ENH: Added libdivide for floor divide #17727

ganesh-k13 · 2020-11-07T08:09:40Z

Improvements:

Specs: ryzen 3600(12 cores), 32 GB memory

Changes:

~~Added a macro check to use libdivide or not: NPY_USE_LIBDIVIDE~~
Added libdivide to floor divide.
Optimisation to remove % in floor divide code.
*Added libdivide to timedelta.
*Benchmark tests for ints to show improvements.
*UT for ints and timedelta floor divide.

*new

Profiler code:

https://gist.github.com/ganesh-k13/6201227c5d3d65902c6eaf71357e72b1

~~Note: This is just a POC to show some performance improvements~~

resolves: #14959

cc:
@eric-wieser
@mattip
@seberg

numpy/core/src/umath/loops.c.src

mattip · 2020-11-07T19:51:08Z

It seems this PR conflates two optimizations:

using libidivide
optimize the loop for the case where is2 == 0.

I would be interested to see if the second optimization alone is enough to convince the compiler to optimize the division, as was mentioned in the original issue.

seberg · 2020-11-07T21:39:27Z

Hmm, that is true, maybe we should start off with some simple optimizations (see if we can remove the % operation and what happens if optimize (or let the compiler optimize) the is2 == 0 loop.

As far as I can tell, libdivide also supports AVX2 and AVX512 (if defines are set), which we could use but will require looking into the universal intrinsics probably.

ganesh-k13 · 2020-11-08T06:48:04Z

I used the PEP definition of // to write the logic:

Cast to float to get float division value and floor it. Hence, no mod required.
Used the constant loop logic as before for compiler optimization.

Unfortunately, no improvement or not anything visible, attaching my results:

Please see the code changes I did in the latest commit, I expected at least a 20-30% improvement, is there an error in my logic?

numpy/core/src/umath/loops.c.src

mattip · 2020-11-08T07:33:51Z

According to the license of libdivide, we can use the zlib variant, which allows us to distribute and modify the source. We need to be careful to document any future modifications for Universal SIMD and should give attribution in our LICENSES_bundled.txt

ganesh-k13 · 2020-11-08T08:33:05Z

How can we set special build environment variables for the CI to pickup, modify the description? I want NPY_USE_LIBDIVIDE to be set.

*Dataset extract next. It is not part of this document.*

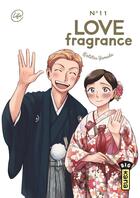 Couverture du livre « Love fragrance Tome 11 » de Kintetsu Yamada aux éditions Kana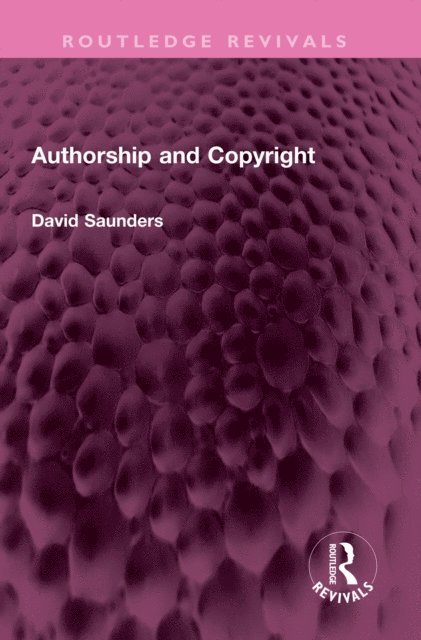 David Saunders - Authorship and Copyright, E-bok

mattip · 2020-11-08T09:44:22Z

Under which build conditions would it be better not to use NPY_USE_LIBDIVIDE? Perhaps it would be better to rethink why you might want that in the first place, if at all.

numpy/core/src/umath/loops.c.src

ganesh-k13 · 2020-11-08T18:55:16Z

Will do these later this week:

Add proper license
> document any future modifications for Universal SIMD

mattip · 2020-11-09T13:27:39Z

If the header and license is not included in the tarball when doing python setup.py sdist, it should be added to ./MANIFEST.in. We should set up a CI job to make sure we can build from the sdist tarball.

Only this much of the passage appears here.